А может, эта злость – просто страх будущих, нет, уже наступивших отношений? Ну что мне с ним делать, если он заинтересовался? Или даже влюбился? Зачем мне это бревно? Хорошо брёвнам. К тому же он скоро уходит из лабы.
Вечером Алиса рассказывала Лейле, сидя у неё в саду с чашкой какао пополам с ромом, приводила в порядок мысли, которые вызвали у неё истории декана Акоста. Мудрая Лейла хитро улыбнулась:
– Это шуточки, с тобой просто флиртовал старикашка декан, а ты не врубилась!
Опять флирт!
– Нет… Не просто. Мне показалось, что декан всерьёз верит, что «Белвью» влияет и на гиппокамп крыс, и на гиппокамп экспериментаторов. Или за дуру меня держит, что ли?

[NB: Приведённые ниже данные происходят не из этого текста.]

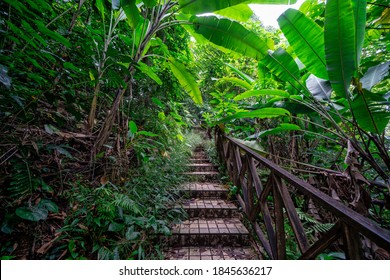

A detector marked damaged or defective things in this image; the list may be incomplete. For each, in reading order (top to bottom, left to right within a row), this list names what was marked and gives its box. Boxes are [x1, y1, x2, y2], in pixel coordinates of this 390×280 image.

rusty railing [216, 129, 390, 260] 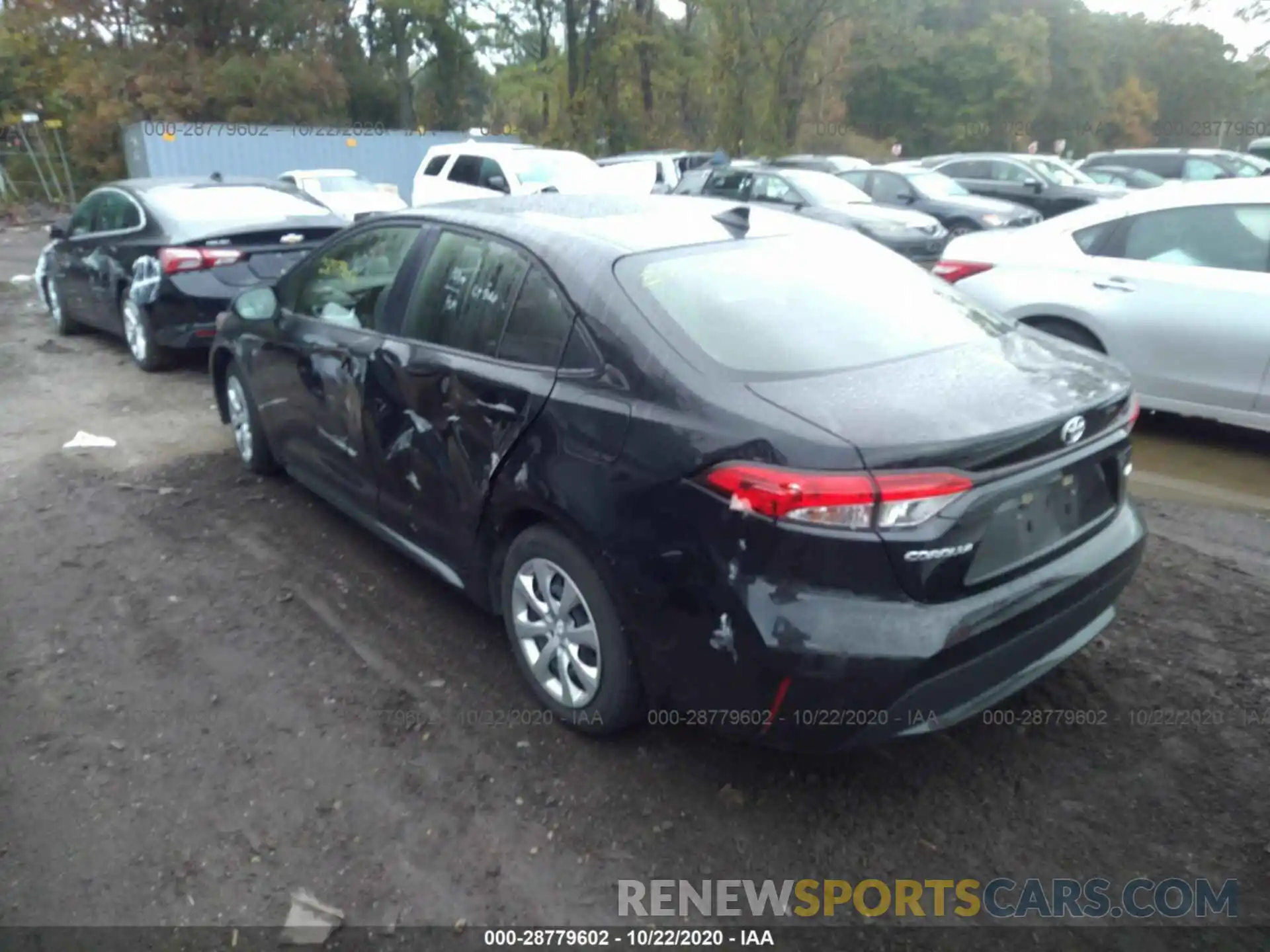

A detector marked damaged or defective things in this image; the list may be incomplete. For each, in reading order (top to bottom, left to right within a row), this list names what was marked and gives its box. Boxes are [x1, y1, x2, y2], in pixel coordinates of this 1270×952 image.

crumpled side panel [128, 257, 161, 305]
damaged rear door panel [370, 229, 581, 581]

Лейла рассказала, как на первом курсе аспирантуры они штудировали его книгу по психологии, в которой он объяснял, что всё то, что мы делаем – продукт нашего мозга, без мозга мы были бы ничем.
– Ну тогда является ли музыка мозгом?
– Да.
– Является ли язык мозгом?
– Да.
– Ненависть – это мозг?
– Да.
– Голод, надежда и знание, любовь, секс? Если это всё мозг, то тело только то, что вокруг него может двигаться, или что?
– Ну, более-менее. Кстати, об эмоциях, которые, вероятно, подавляет Джастин… – Лейла раскрыла свой учебник и прочитала: – «Если не осознавать свои эмоции и не справляться с ними, то ваше самочувствие хуже, и у вас больше физических симптомов стресса – например, чаще болит голова. За избегание своих чувств приходится платить высокую цену. Подавляя их, мы подавляем и свой иммунитет, что может вызывать целый спектр физиологических последствий – от головокружения до болезней. На психологическом уровне это тоже работает в минус. Можно повлиять на то, как внешне выражаются эмоции, но не на внутренний опыт. Проще говоря, подавление не прогоняет эмоции, они остаются внутри, причиняя ещё больше боли».